Reputation: 85
I used a DirectoryIterator
to read images from a directory and train my model. I want to be able to verify that it works so I tried using model.predict
on a numpy array that contains an image but I get the following error
ValueError: Error when checking input: expected conv2d_input to have 4
dimensions, but got array with shape (128, 56)

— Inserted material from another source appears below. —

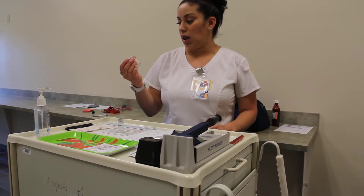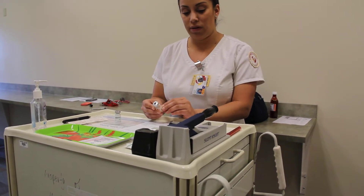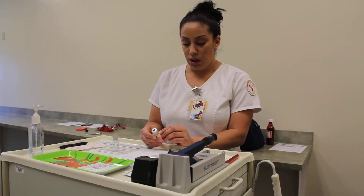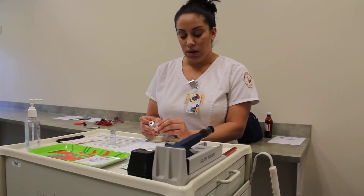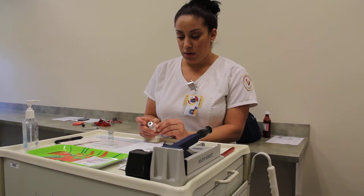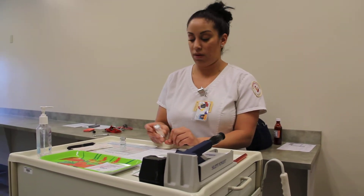I'm going to take my second medication, which is my regular insulin. Right patient is Mary Smith, right drug is regular insulin, right route is sub-Q at 900, and I'm going to be administering three units.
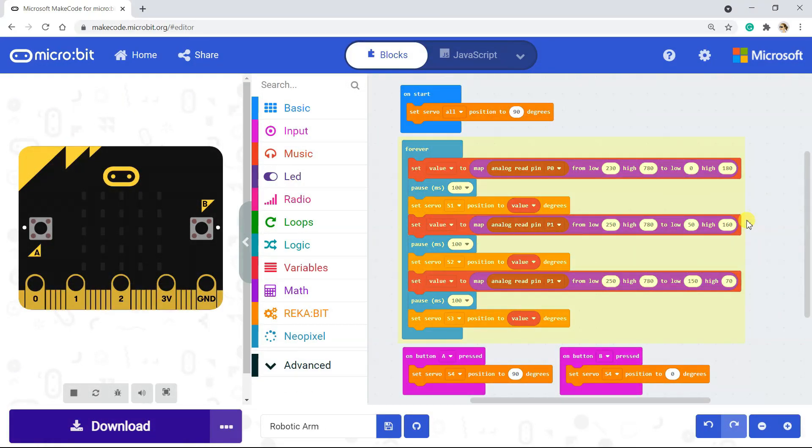The joystick will control the movement of the robotic arm. Press button A to open the gripper and button B to close the gripper.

I'm not sure what kind of shape or attributes the DirectoryIteratory
from flow_from_directory
has so I'm not sure what kind of input model.predict
is expecting. This is what my code looks like
train_datagen = ImageDataGenerator(
rescale=1. / 255,
shear_range=0.2,
zoom_range=0.2,
horizontal_flip=True)
test_datagen = ImageDataGenerator(rescale=1. / 255)
train_generator = train_datagen.flow_from_directory(
train_data_dir,
target_size=(img_width, img_height),
batch_size=batch_size,
class_mode='binary')
validation_generator = test_datagen.flow_from_directory(
validation_data_dir,
target_size=(img_width, img_height),
batch_size=batch_size,
class_mode='binary')
model.fit_generator(
train_generator,
steps_per_epoch=nb_train_samples // batch_size,
epochs=epochs,
validation_data=validation_generator,
validation_steps=nb_validation_samples // batch_size)
Upvotes: 0
Views: 1873
Reputation: 714
From your code snippet it seems that you're using this blog post. So your ConvNet's first layer is a convolutional layer, expecting the input shape to be (150, 150)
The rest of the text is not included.